Designed by Kolesnikov, this mount consists of a detachable two-wheel base and three folding legs, which form the tail-boom for ground applications and are extended to form a tripod for AA applications.  Kolesnikov mounts were issued with heavy armored shields, but crews often discarded shields to save some weight and to decrease the gun profile when firing from wheels.

In the AA role, both wheels and shield were detached from the mount, and an optional shoulder support can be installed.

The DShK is a 12,7mm gas operated, belt fed, air cooled machine gun that fires from an open bolt and in automatic mode only.  The gas piston and chamber are located below the barrel; the gas piston is of the long stroke type, and is attached to the bolt carrier.  The gas chamber is fitted with a gas regulator, which requires a special wrench to make adjustments.  The bolt, of generally rectangular cross-section, locks into the receiver with two outwardly pivoting flaps. These flaps are pushed outwards from the bolt to lock it by the enlarged firing pin, which in turn is operated by the vertical projection on the bolt carrier. The rear of the receiver houses two spring buffers, one for the bolt and one for the bolt carrier.

The heavy barrel is finned for better cooling, and is fitted with a large muzzle brake.  The barrel can be detached from the weapon as it is screwed into the front of the receiver, and then fixed there by the cross-bolt, which is also screwed in place.

On DShK guns, the belt feed uses a simplified slider-type belt traction unit, also powered through the swinging arm, and somewhat similar in design to the feed of the RP-46 gun. Spent cartridges are ejected down through openings in the receiver and bolt carrier.  In manual (ground and AA) applications gun is fitted with dual spade grips at the back of the receiver, and a dual trigger. Charging handle is also shaped as a spade grip, and is located horizontally below and between spade grips.  Standard sighting equipment is an open sight adjustable for range (up to 3500 m in 100 m increments) and windage.
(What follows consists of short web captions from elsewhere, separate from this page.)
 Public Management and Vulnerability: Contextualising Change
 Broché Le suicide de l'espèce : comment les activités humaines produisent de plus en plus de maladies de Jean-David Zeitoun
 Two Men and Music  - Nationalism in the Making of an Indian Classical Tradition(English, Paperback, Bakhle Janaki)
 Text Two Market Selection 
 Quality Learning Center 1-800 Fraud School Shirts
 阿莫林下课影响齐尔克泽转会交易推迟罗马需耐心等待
Additional anti-aircraft sights can be installed for AA use.


The 12,7 x 107mm cartridge was introduced in the Soviet Union in1934.  The round was used in the DShK machinegun in 50 round belts and designed for anti aircraft use or for use against light armored ground targets.  The muzzle velocity was 860 - 880m/s and the operation temperature could vary from -50°C to +50°C.  The barrel has 8 right-hand grooves resulting in an improved fire-rate of 750rpm. The 50 round ammunition-belts used a linkage of 3 x B-32 to 1 x BZT-44 (3 API to 1 API-T).  These bullets have the following armour-piercing effect:
90% of all bullets penetrate a 20mm thick armor plate at 100m. The capability of the tungsten carbide core bullet BS is said to be about 7 times higher than standard bullets. 75% of all bullets ignite the petrol placed behind the 20mm armor plate.The HEI bullet, the MDZ is used specifically for Anti-Aircraft purposes.

Ammunition is exported from the USSR to 49 countries world wide but this type of is also manufactured in Bulgaria, China, the former Czechoslovakia, Egypt, Iran, Pakistan, Romania and Yugoslavia.
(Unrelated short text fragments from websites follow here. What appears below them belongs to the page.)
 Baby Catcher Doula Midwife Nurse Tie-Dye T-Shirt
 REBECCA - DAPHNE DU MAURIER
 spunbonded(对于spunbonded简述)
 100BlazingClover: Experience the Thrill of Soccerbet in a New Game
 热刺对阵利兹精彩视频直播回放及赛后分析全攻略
The propellant consists of 17,5 to 19,0g of smokeless powder designated as "4/7 Tsgr" powder.


Eighty cartridges are packed in a sealed metal box with two of these boxes per wooden container.  These sealed metal boxes have the caliber, type of bullet, Lot Number, number of rounds and type of propellant painted on them.  The metal boxes measure 480x350x160mm and weigh 29kg.